Second, as some have pointed out, G. K. Chesterton—one of the most important converts to Roman Catholicism—actually took this meme up in an essay back in 1926. You can read that essay from the American Chesterton Society (ACS) site here. But it is worthy to quote that well known first sentence:
The difficulty of explaining “why I am a Catholic” is that there are ten thousand reasons all amounting to one reason: that Catholicism is true. I could fill all my space with separate sentences each beginning with the words, “It is the only thing that…” As, for instance, (1) It is the only thing that really prevents a sin from being a secret. (2) It is the only thing in which the superior cannot be superior; in the sense of supercilious. (3) It is the only thing that frees a man from the degrading slavery of being a child of his age. (4) It is the only thing that talks as if it were the truth; as if it were a real messenger refusing to tamper with a real message. (5) It is the only type of Christianity that really contains every type of man; even the respectable man. (6) It is the only large attempt to change the world from the inside; working through wills and not laws; and so on.
I have to say, I’ve grown to love Chesterton since I’ve read a few of his works. A couple of years ago I read his novel, The Man Who Was Thursday, which I posted on my blog here, and after reading Orthodoxy earlier this year, and which I excerpted a passage here. I hope to do a fuller post on Orthodoxy in the future; it’s truly the great dissent to the modern age and I need to explain that. But though coming late in life to the man, I can now see why he’s regarded so highly by so many.

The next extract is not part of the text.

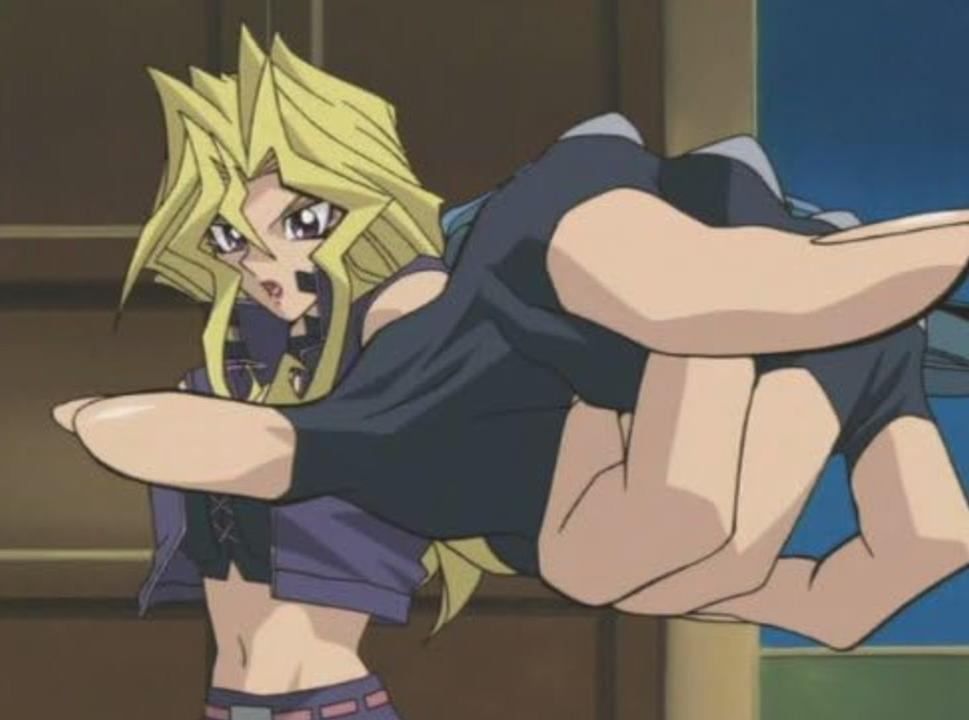 Eine Anime-Figur mit blondem Haar und lila Augen, die einen dunklen BH und eine lila Jacke trägt.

So why do I remain a Catholic? As Chesterton says, there are ten thousand reasons which add up to the one, truth. But I’ll elaborate with two short answers. First through a list of Catholic attributes which you cannot find elsewhere.
1. The true presence of the body and blood of Christ in the Eucharist.
2. Real confession that is not a superficial mumbling to one’s self.
3. The saints as guides and brothers and sisters on our journey.
4. The mythic as part of our everyday life.
5. The use of reason to understand the natural world as a scientific phenomenon without stripping it of faith.
6. The Blessed Virgin as a go to advocate as the mother of Christ and the Queen of Heaven.
7. It has a deep history having integrated the Classical world with the Judaic world, while developing the Christian world. The superficial platitude that the Church caused the Dark Ages is all wrong; the Church saved civilization.
8. The sheer beauty of it: the literature, the philosophy, the art, the music, the liturgy, all summing up to reflect the beauty of God.
9. It is Apostolic and started by Christ handing the keys of His church to Peter.
10. It doesn’t change with the times; there is a guiding Magisterium.
The way I like it said is that Catholicism is the fullness of Christianity. Only the Eastern Orthodox churches would have similar attributes, but then they wouldn’t have been started by Peter.
The second answer will be a paraphrase of a quote by St. Catherine of Siena my patroness: my Catholic faith is in me as a fish is in the sea and the sea is in the fish. Of course it's true. I breath and swim in the truth that is Catholicism, and that truth is infused in me. You can't leave that.